How to complete this task: Up to and including the line with "Suzuki Swift SZ5 DUALJET", restate the material below word for word, beginning with its first line.

* * * * * * * * *

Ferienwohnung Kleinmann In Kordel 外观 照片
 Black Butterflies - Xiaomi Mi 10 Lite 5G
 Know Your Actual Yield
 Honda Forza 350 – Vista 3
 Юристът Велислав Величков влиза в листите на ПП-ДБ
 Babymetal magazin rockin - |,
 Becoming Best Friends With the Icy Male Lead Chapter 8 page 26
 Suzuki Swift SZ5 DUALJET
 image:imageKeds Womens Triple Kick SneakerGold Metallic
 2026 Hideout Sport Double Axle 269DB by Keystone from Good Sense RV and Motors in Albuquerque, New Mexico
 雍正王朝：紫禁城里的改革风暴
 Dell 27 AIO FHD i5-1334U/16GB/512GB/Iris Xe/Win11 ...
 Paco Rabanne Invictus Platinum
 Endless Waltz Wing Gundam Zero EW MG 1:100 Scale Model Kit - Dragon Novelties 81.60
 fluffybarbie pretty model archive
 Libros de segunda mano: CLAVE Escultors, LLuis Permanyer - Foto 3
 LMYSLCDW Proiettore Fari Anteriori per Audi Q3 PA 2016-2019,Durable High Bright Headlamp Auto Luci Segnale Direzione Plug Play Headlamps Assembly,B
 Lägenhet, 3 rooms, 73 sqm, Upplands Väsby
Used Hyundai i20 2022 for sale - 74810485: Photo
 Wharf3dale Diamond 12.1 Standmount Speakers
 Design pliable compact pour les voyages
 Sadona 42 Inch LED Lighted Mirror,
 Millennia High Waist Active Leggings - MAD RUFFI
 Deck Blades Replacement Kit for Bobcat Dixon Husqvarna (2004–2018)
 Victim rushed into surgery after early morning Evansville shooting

* * * * * * * * *

Written reply:
Ferienwohnung Kleinmann In Kordel 外观 照片
 Black Butterflies - Xiaomi Mi 10 Lite 5G
 Know Your Actual Yield
 Honda Forza 350 – Vista 3
 Юристът Велислав Величков влиза в листите на ПП-ДБ
 Babymetal magazin rockin - |,
 Becoming Best Friends With the Icy Male Lead Chapter 8 page 26
 Suzuki Swift SZ5 DUALJET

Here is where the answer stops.